Au début de cet article, nous avons mentionné l’iconographie classique de Notre-Dame des Douleurs. Le visage triste, pâle, de qui n’a plus d’autre nutriment que sa propre douleur, aucun soulagement à la soif de ses pleurs. Les habit, noirs ou violets, sont ceux du deuil, et souvent elle serrent entre ses mains un mouchoir, mais déjà trempé de larmes. Dans de nombreuses représentations, la poitrine est transpercée par les lames cruelles des Épées des Sept Douleurs. Une mère en deuil qui pleure pour l’éternité la mort de son Fils unique.

Mais il y a d’autres images récurrentes dans l’art sacré, qui immortalisent d’ultérieurs instants de cette Via Matris pavée de souffrance. Les Pietà, par exemple, qui représentent l’avant-dernière des Sept Douleurs, ce moment qui n’est décrit dans aucun Évangile, mais qui est ancré de manière indélébile dans la tradition populaire, dans l’émotivité collective d’une humanité toujours sensible aux grandes tragédies : Marie tient dans ses bras le corps sans vie de Jésus.

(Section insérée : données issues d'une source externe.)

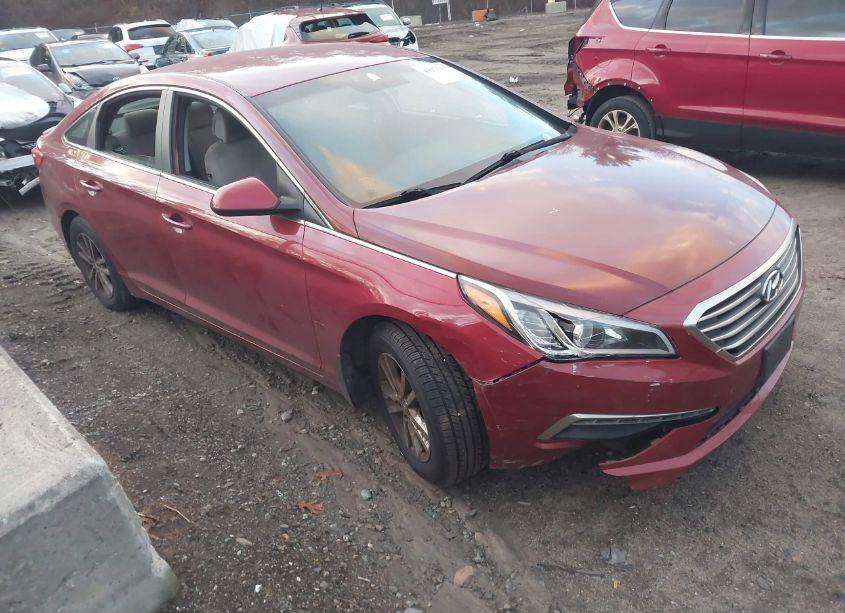 2015 Hyundai Sonata SE (VIN 5NPE24AF8FH100398) main photo
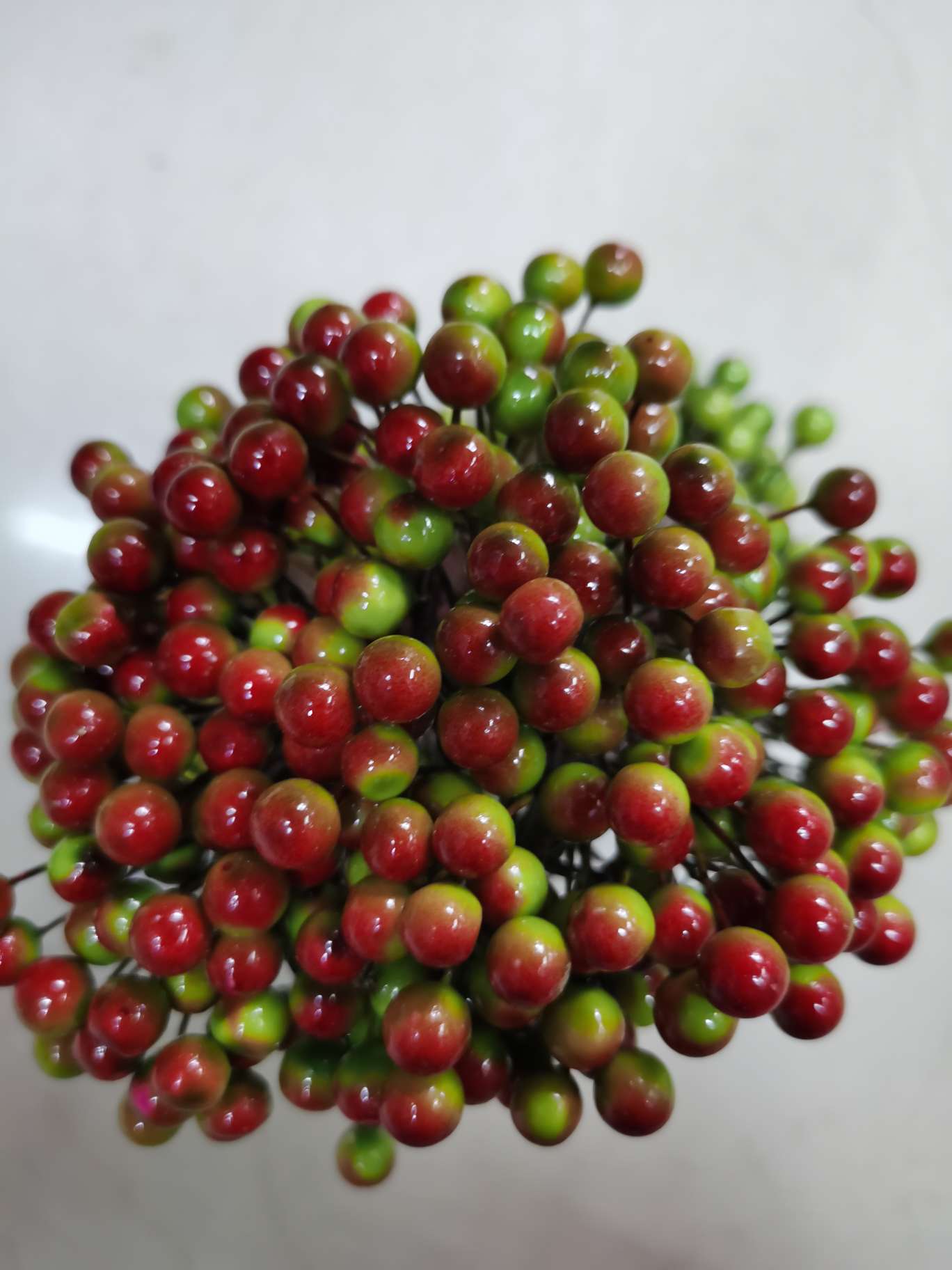0.8 Bald fruit red and green foam fruit Polystyrene 01 detail image 1
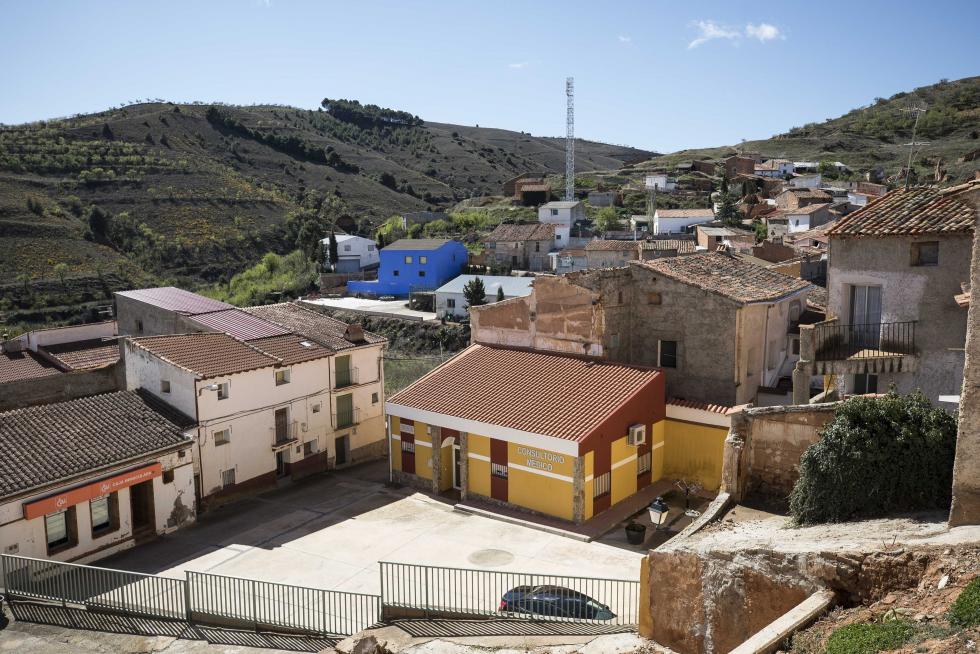 El municipio vive sus fiestas con devoción, busca ayudas para recuperar su parroquia y ha hecho reciente introspección de sus memorias con sendas publicaciones sobre su bagaje cultural.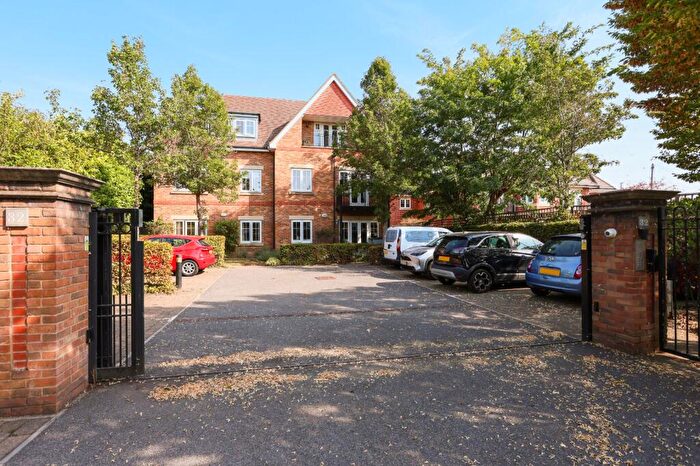 2 Bedroom Apartment For Sale In Between Streets, Cobham, Surrey, KT11
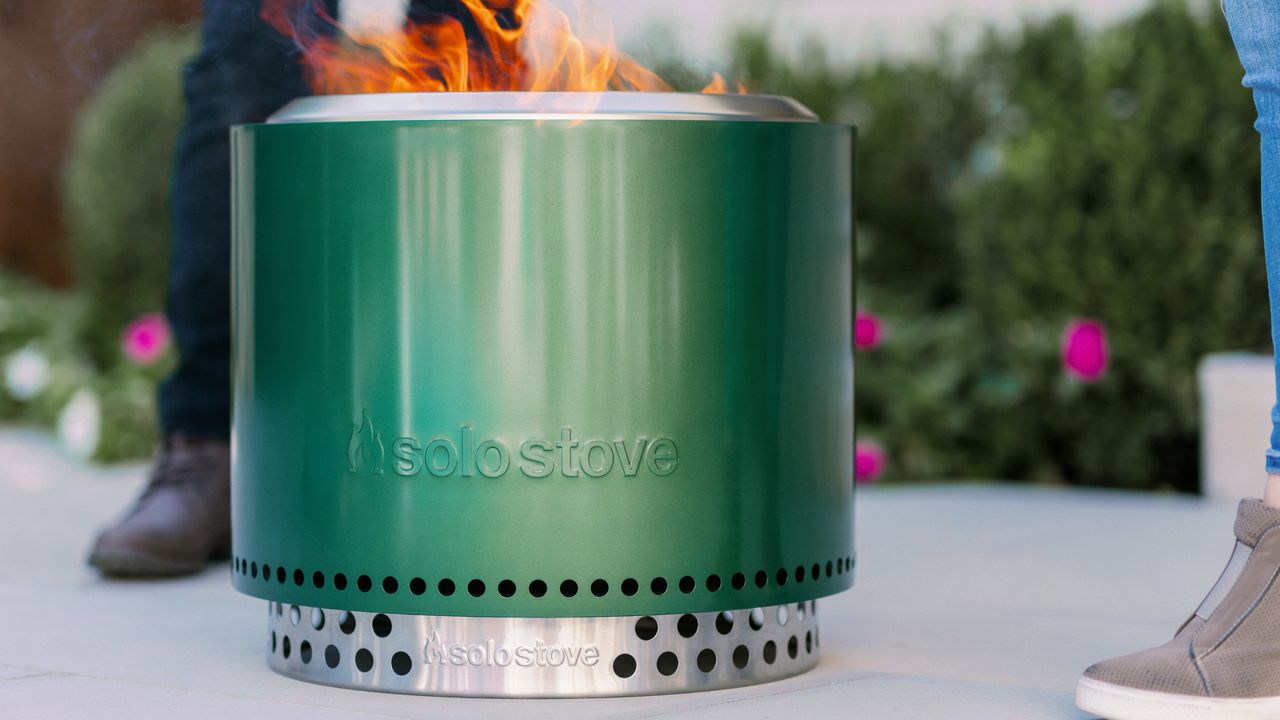 Solo Stove Bonfire 2.0 firepit metallic collection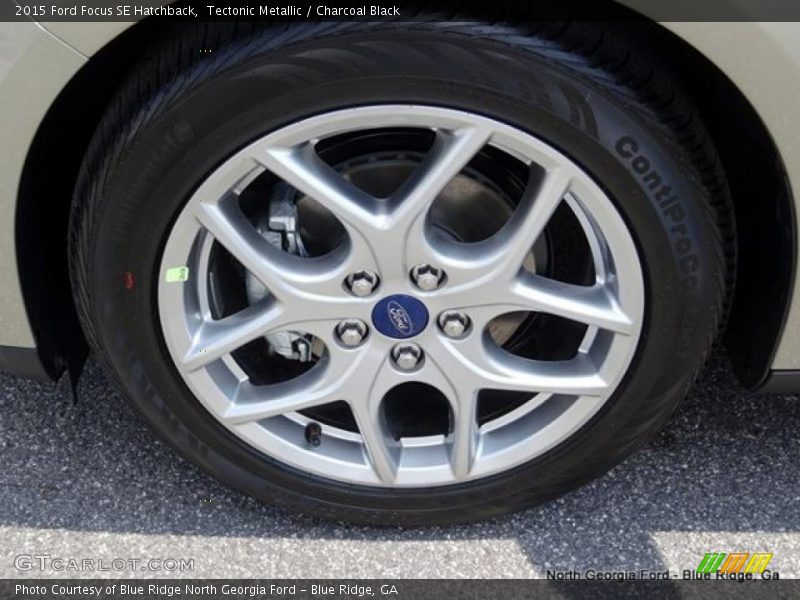 Tectonic Metallic / Charcoal Black 2015 Ford Focus SE Hatchback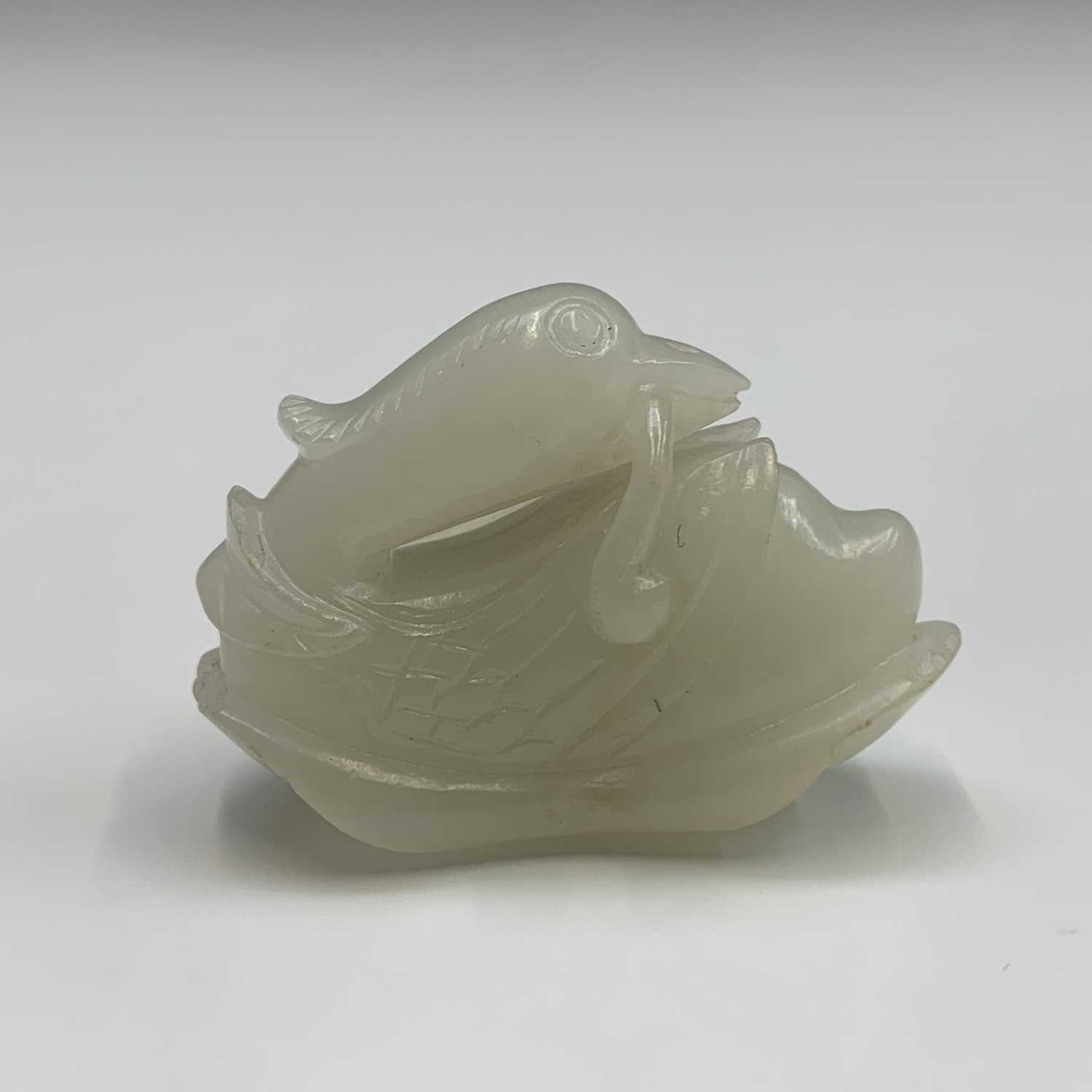 A small Chinese white jade carving of a duck, Qing dynasty, 19th century, height 3cm, width 4.5cm. - Image 5 of 11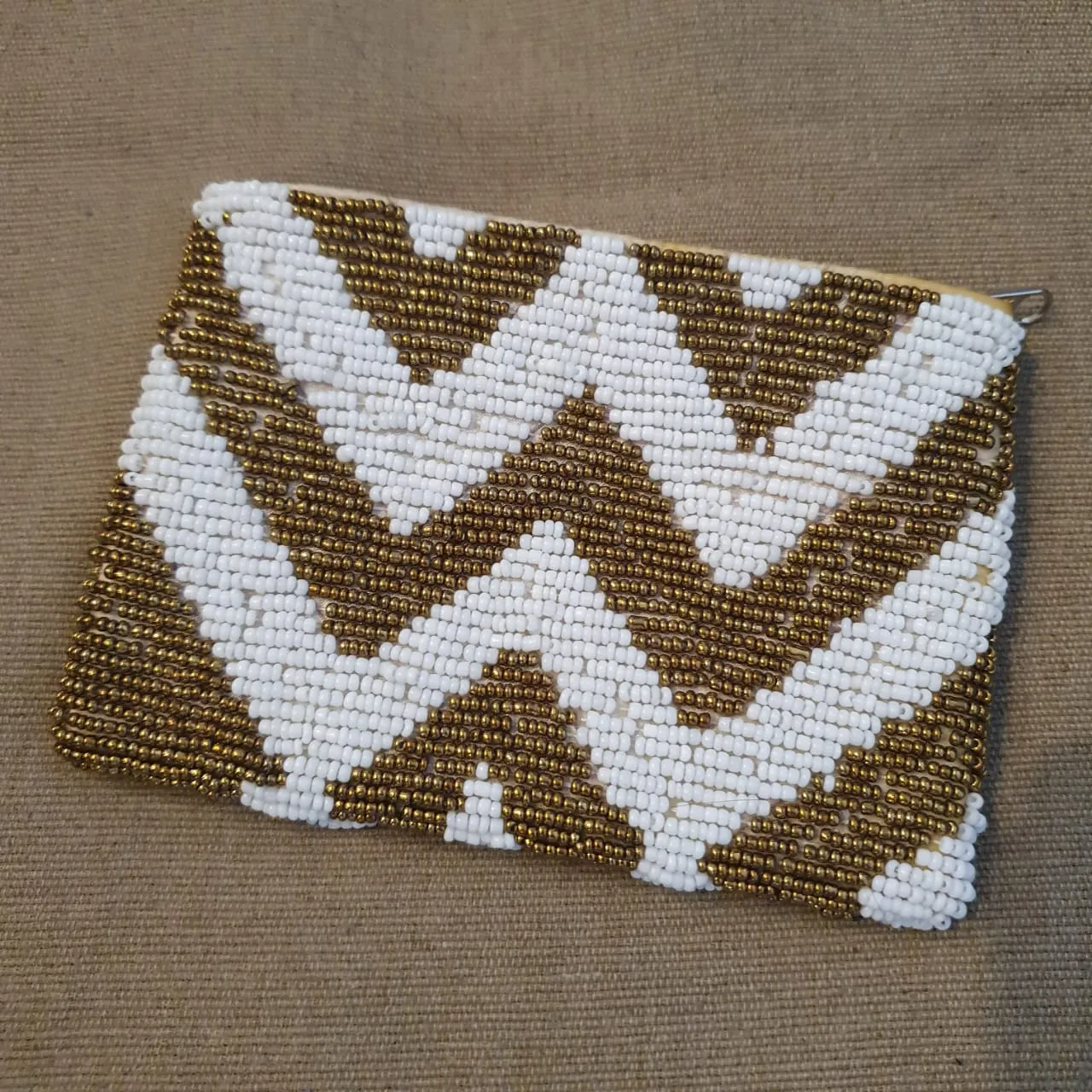 Small Zigzag Pattern Beaded Wallets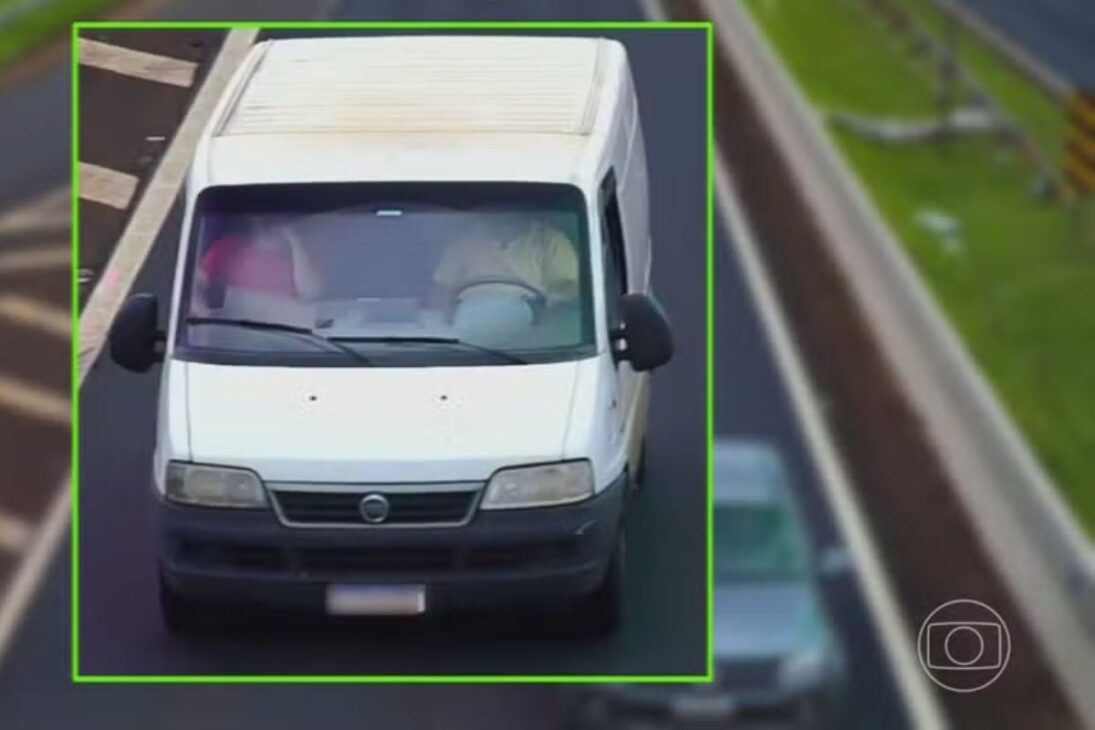 radares con IA refuerzan fiscalización de celular al volante y cinturón de seguridad con validación humana en las carreteras; entiende cómo funciona.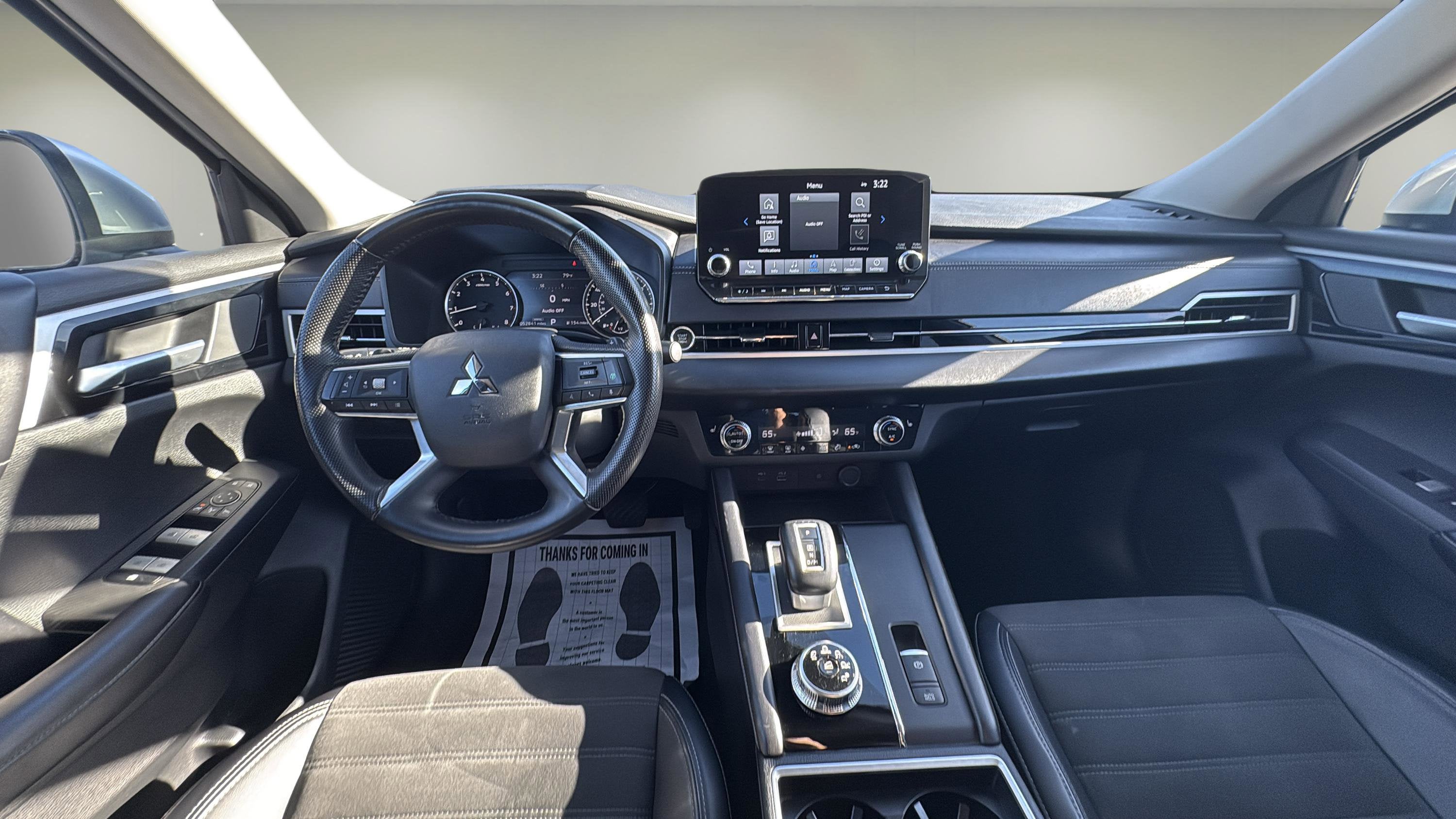 2024 Mitsubishi Outlander SE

Le corps du Christ est abandonné, dans une pose douloureuse et, en même temps, détendue, comme si toute la douleur l’avait déjà quitté, comme si, enfin, il pouvait trouver du soulagement dans les bras de sa mère. Et c’est sur elle que toute la souffrance se reverse, comme si c’était elle, Marie, qui absorbait tout le mal infligé aux membres bénits nés de son ventre, pour lui permettre de mourir en paix. Marie, dans son tourment, se retient, semble sereine, comme si elle était simplement en train de bercer son fils endormi, comme si elle savait déjà que, d’ici peu, Il ouvrira ses yeux et lui sourira. Et en même temps, dans cette composition iconographique, on perçoit toute l’intimité que seules deux créatures qui ont partagé pendant des mois le même corps peuvent connaître, cet alchimie mystérieuse qui rend mères et fils inséparables, indissolubles indépendamment de ce que la vie leur réserve.

L’art sacré espagnol, surtout à l’époque baroque, a privilégié les Vierges Pleureuses, habillées richement, avec des belles robes de nobles, tout en conservant les couleurs du deuil. Des Vierges faites pour émouvoir le peuple, pour susciter des sentiments de pitié et de participation et qui, dans ce but, avaient souvent un aspect très réaliste.

En Espagne, mais aussi dans de nombreuses traditions populaires italiennes, était très célèbre et fort pratiquée la cérémonie de l’Entierro, l’enterrement de Jésus, probablement amenée en Espagne par les franciscains ou par les Servites. Le corps de Christ est déposé de la Croix, confié aux pleurs de la mère et ensuite enterré. Ce type de représentation sacré impliquait des exposants de toutes les classes sociales et mobilisait la communauté entière, comme cela arrivait par exemple à Casale Monferrato et dans de nombreux villages du sud du Piémont, où se trouvent encore des documents et des témoignages de la diffusion de ce rite.

L’Italie accueille de nombreux sanctuaires dédiés à Notre-Dame des Douleurs, du Nord au Sud. Et du Nord au Sud, les fêtes populaires qui, le 15 septembre, voire pendant la Semaine Sainte, célèbrent la douleur de Marie pour la perte de son Fils sont encore très répandues. Comme par exemple à Agrigente, où le Vendredi Saint la statue de Marie part à la recherche de celle de Jésus déposé dans les rues de la ville, amenée à bras par les membres d’une confrérie, ou à Belluno, où la fête en l’honneur de Notre-Dame des Douleurs coïncide avec l’ancienne Sagra de i fisciot (fête des sifflets), ou à Comiso, où les festivités durent pendant des jours, entre dîners et processions, et culminent avec le « Triomphe de la Très-Sainte Marie des Douleurs ».